### YOUR TASK
Please reproduce all of the entries exactly, without omitting any.

[Short web captions]
---------------

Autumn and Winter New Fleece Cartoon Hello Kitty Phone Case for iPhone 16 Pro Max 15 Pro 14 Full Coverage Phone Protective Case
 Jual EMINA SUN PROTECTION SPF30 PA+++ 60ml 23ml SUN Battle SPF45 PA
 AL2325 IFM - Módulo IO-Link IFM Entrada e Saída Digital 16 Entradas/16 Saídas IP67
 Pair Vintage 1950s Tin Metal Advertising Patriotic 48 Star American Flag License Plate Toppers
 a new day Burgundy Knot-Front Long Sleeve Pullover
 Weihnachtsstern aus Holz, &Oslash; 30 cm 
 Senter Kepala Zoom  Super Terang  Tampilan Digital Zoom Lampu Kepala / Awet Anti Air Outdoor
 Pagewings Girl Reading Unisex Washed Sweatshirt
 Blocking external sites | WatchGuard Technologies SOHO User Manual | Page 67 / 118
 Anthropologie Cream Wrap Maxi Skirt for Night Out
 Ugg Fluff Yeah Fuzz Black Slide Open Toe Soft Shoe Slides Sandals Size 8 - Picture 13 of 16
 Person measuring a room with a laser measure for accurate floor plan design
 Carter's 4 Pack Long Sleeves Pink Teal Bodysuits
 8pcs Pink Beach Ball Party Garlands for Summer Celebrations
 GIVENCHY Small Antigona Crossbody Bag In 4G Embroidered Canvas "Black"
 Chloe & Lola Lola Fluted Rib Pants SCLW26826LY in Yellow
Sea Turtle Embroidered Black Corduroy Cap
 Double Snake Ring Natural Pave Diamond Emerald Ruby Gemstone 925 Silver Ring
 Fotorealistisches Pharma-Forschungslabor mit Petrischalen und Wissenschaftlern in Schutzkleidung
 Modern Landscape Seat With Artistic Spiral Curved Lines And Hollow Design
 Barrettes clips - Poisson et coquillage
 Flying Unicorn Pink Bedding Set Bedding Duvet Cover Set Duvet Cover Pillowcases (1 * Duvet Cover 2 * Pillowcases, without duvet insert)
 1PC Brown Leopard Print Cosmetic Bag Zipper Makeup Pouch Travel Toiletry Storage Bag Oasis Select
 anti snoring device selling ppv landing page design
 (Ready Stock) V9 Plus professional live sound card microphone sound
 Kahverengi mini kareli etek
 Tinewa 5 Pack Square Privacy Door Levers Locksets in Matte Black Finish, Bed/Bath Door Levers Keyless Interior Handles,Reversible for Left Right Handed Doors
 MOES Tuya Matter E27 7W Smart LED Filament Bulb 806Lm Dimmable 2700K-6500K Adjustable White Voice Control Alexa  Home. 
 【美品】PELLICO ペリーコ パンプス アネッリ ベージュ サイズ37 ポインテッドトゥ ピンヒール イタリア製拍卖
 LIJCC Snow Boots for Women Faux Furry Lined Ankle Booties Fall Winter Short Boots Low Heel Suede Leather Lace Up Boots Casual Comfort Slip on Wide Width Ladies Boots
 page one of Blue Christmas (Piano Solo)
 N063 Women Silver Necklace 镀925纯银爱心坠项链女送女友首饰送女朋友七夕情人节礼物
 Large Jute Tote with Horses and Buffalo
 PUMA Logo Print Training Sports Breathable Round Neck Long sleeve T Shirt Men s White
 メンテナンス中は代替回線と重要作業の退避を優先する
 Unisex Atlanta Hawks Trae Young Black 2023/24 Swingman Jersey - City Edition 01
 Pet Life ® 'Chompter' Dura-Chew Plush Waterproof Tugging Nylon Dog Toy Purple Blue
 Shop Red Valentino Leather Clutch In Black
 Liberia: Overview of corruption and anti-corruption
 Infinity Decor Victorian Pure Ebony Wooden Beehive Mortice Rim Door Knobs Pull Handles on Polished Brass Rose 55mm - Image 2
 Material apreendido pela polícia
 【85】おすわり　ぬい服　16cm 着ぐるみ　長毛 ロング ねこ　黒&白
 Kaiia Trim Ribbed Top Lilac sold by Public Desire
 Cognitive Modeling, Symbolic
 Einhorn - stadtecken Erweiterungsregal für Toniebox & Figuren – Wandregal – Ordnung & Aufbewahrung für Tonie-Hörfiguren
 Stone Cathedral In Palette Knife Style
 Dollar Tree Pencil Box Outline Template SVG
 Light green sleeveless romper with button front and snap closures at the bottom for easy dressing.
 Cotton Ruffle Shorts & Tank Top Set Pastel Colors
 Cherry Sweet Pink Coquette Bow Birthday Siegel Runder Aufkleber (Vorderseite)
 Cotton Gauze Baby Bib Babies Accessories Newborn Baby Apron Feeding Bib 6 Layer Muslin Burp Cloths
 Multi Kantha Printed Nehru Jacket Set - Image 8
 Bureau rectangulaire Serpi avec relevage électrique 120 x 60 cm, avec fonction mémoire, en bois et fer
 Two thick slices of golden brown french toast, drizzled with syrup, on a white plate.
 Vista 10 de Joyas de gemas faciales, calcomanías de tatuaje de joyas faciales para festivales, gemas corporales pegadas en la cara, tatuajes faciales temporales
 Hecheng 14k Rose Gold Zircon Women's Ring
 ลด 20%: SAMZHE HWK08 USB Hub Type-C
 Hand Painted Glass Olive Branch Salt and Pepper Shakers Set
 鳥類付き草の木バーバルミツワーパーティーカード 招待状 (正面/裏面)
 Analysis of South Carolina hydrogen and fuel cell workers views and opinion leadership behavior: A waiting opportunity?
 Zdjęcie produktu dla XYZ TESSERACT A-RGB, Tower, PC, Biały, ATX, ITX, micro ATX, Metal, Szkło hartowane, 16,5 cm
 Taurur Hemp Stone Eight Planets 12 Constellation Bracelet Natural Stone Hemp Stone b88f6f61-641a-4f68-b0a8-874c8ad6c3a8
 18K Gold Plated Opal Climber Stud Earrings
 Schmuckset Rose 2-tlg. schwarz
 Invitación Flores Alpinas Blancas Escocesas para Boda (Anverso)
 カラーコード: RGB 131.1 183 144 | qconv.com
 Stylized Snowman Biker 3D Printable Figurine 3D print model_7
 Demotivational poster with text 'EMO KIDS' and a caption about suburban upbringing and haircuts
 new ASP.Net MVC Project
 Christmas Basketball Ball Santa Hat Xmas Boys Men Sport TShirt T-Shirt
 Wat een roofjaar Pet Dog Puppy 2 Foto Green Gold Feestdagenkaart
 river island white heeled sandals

---------------

### SOLUTION TO THE PROBLEM
Autumn and Winter New Fleece Cartoon Hello Kitty Phone Case for iPhone 16 Pro Max 15 Pro 14 Full Coverage Phone Protective Case
 Jual EMINA SUN PROTECTION SPF30 PA+++ 60ml 23ml SUN Battle SPF45 PA
 AL2325 IFM - Módulo IO-Link IFM Entrada e Saída Digital 16 Entradas/16 Saídas IP67
 Pair Vintage 1950s Tin Metal Advertising Patriotic 48 Star American Flag License Plate Toppers
 a new day Burgundy Knot-Front Long Sleeve Pullover
 Weihnachtsstern aus Holz, &Oslash; 30 cm 
 Senter Kepala Zoom  Super Terang  Tampilan Digital Zoom Lampu Kepala / Awet Anti Air Outdoor
 Pagewings Girl Reading Unisex Washed Sweatshirt
 Blocking external sites | WatchGuard Technologies SOHO User Manual | Page 67 / 118
 Anthropologie Cream Wrap Maxi Skirt for Night Out
 Ugg Fluff Yeah Fuzz Black Slide Open Toe Soft Shoe Slides Sandals Size 8 - Picture 13 of 16
 Person measuring a room with a laser measure for accurate floor plan design
 Carter's 4 Pack Long Sleeves Pink Teal Bodysuits
 8pcs Pink Beach Ball Party Garlands for Summer Celebrations
 GIVENCHY Small Antigona Crossbody Bag In 4G Embroidered Canvas "Black"
 Chloe & Lola Lola Fluted Rib Pants SCLW26826LY in Yellow
Sea Turtle Embroidered Black Corduroy Cap
 Double Snake Ring Natural Pave Diamond Emerald Ruby Gemstone 925 Silver Ring
 Fotorealistisches Pharma-Forschungslabor mit Petrischalen und Wissenschaftlern in Schutzkleidung
 Modern Landscape Seat With Artistic Spiral Curved Lines And Hollow Design
 Barrettes clips - Poisson et coquillage
 Flying Unicorn Pink Bedding Set Bedding Duvet Cover Set Duvet Cover Pillowcases (1 * Duvet Cover 2 * Pillowcases, without duvet insert)
 1PC Brown Leopard Print Cosmetic Bag Zipper Makeup Pouch Travel Toiletry Storage Bag Oasis Select
 anti snoring device selling ppv landing page design
 (Ready Stock) V9 Plus professional live sound card microphone sound
 Kahverengi mini kareli etek
 Tinewa 5 Pack Square Privacy Door Levers Locksets in Matte Black Finish, Bed/Bath Door Levers Keyless Interior Handles,Reversible for Left Right Handed Doors
 MOES Tuya Matter E27 7W Smart LED Filament Bulb 806Lm Dimmable 2700K-6500K Adjustable White Voice Control Alexa  Home. 
 【美品】PELLICO ペリーコ パンプス アネッリ ベージュ サイズ37 ポインテッドトゥ ピンヒール イタリア製拍卖
 LIJCC Snow Boots for Women Faux Furry Lined Ankle Booties Fall Winter Short Boots Low Heel Suede Leather Lace Up Boots Casual Comfort Slip on Wide Width Ladies Boots
 page one of Blue Christmas (Piano Solo)
 N063 Women Silver Necklace 镀925纯银爱心坠项链女送女友首饰送女朋友七夕情人节礼物
 Large Jute Tote with Horses and Buffalo
 PUMA Logo Print Training Sports Breathable Round Neck Long sleeve T Shirt Men s White
 メンテナンス中は代替回線と重要作業の退避を優先する
 Unisex Atlanta Hawks Trae Young Black 2023/24 Swingman Jersey - City Edition 01
 Pet Life ® 'Chompter' Dura-Chew Plush Waterproof Tugging Nylon Dog Toy Purple Blue
 Shop Red Valentino Leather Clutch In Black
 Liberia: Overview of corruption and anti-corruption
 Infinity Decor Victorian Pure Ebony Wooden Beehive Mortice Rim Door Knobs Pull Handles on Polished Brass Rose 55mm - Image 2
 Material apreendido pela polícia
 【85】おすわり　ぬい服　16cm 着ぐるみ　長毛 ロング ねこ　黒&白
 Kaiia Trim Ribbed Top Lilac sold by Public Desire
 Cognitive Modeling, Symbolic
 Einhorn - stadtecken Erweiterungsregal für Toniebox & Figuren – Wandregal – Ordnung & Aufbewahrung für Tonie-Hörfiguren
 Stone Cathedral In Palette Knife Style
 Dollar Tree Pencil Box Outline Template SVG
 Light green sleeveless romper with button front and snap closures at the bottom for easy dressing.
 Cotton Ruffle Shorts & Tank Top Set Pastel Colors
 Cherry Sweet Pink Coquette Bow Birthday Siegel Runder Aufkleber (Vorderseite)
 Cotton Gauze Baby Bib Babies Accessories Newborn Baby Apron Feeding Bib 6 Layer Muslin Burp Cloths
 Multi Kantha Printed Nehru Jacket Set - Image 8
 Bureau rectangulaire Serpi avec relevage électrique 120 x 60 cm, avec fonction mémoire, en bois et fer
 Two thick slices of golden brown french toast, drizzled with syrup, on a white plate.
 Vista 10 de Joyas de gemas faciales, calcomanías de tatuaje de joyas faciales para festivales, gemas corporales pegadas en la cara, tatuajes faciales temporales
 Hecheng 14k Rose Gold Zircon Women's Ring
 ลด 20%: SAMZHE HWK08 USB Hub Type-C
 Hand Painted Glass Olive Branch Salt and Pepper Shakers Set
 鳥類付き草の木バーバルミツワーパーティーカード 招待状 (正面/裏面)
 Analysis of South Carolina hydrogen and fuel cell workers views and opinion leadership behavior: A waiting opportunity?
 Zdjęcie produktu dla XYZ TESSERACT A-RGB, Tower, PC, Biały, ATX, ITX, micro ATX, Metal, Szkło hartowane, 16,5 cm
 Taurur Hemp Stone Eight Planets 12 Constellation Bracelet Natural Stone Hemp Stone b88f6f61-641a-4f68-b0a8-874c8ad6c3a8
 18K Gold Plated Opal Climber Stud Earrings
 Schmuckset Rose 2-tlg. schwarz
 Invitación Flores Alpinas Blancas Escocesas para Boda (Anverso)
 カラーコード: RGB 131.1 183 144 | qconv.com
 Stylized Snowman Biker 3D Printable Figurine 3D print model_7
 Demotivational poster with text 'EMO KIDS' and a caption about suburban upbringing and haircuts
 new ASP.Net MVC Project
 Christmas Basketball Ball Santa Hat Xmas Boys Men Sport TShirt T-Shirt
 Wat een roofjaar Pet Dog Puppy 2 Foto Green Gold Feestdagenkaart
 river island white heeled sandals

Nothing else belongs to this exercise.